We worden een passage tussen de hoge kantoren ingezogen, waar de wind uit onverwachtse hoeken om ons heen wervelt. Omhoog kijkend vangen twee imposante gebouwen onze blik. De Hoftoren is met 142 meter het op twee na hoogste gebouw van Den Haag. De Hagenezen hebben hem een treffende bijnaam gegeven: de Vulpen, verwijzend naar de vorm en misschien ook wel naar het onderwijsministerie dat het huisvest.
Met 88 meter flink lager dan de Vulpen is de Zurichtoren. De kantoorkolos huisvest onder meer toezichthouder Autoriteit Consument en Markt (ACM), de Kiesraad en het Huis voor Klokkenluiders. Kijk naar z’n opvallende groene koepeldak – een constructie van staal en koper – en je snapt z’n bijnaam direct: de Citruspers.

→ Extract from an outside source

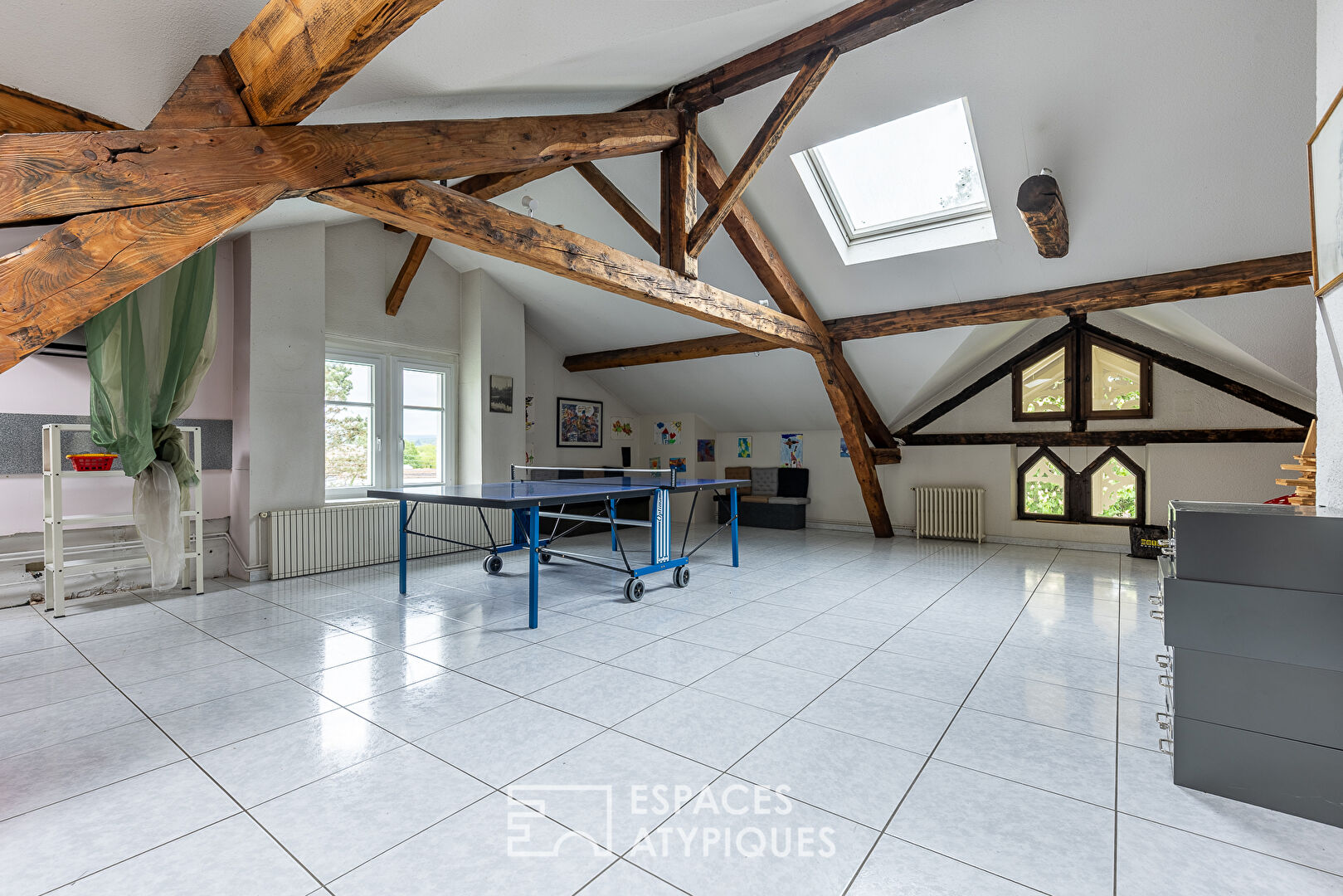 Maison familiale bourgeoise et sa piscine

We gaan wat trappetjes op en opeens bevinden we ons in de aangename windluwte van het verscholen Clioplein, onderdeel van het stedenbouwkundig plan van de Luxemburgse architect en filosoof Rob Krier. Gerard Goudriaan vertelt in z’n gids dat je hier de traditionalistische stijl van Krier duidelijk kunt zien. We kijken met hem mee, intussen googelend wat die architectuurstijl precies inhoudt: eenvoudige vormen, geslotenheid van de gevels, zadeldaken en gebruik van natuurlijke materialen. Nu zien we het ook.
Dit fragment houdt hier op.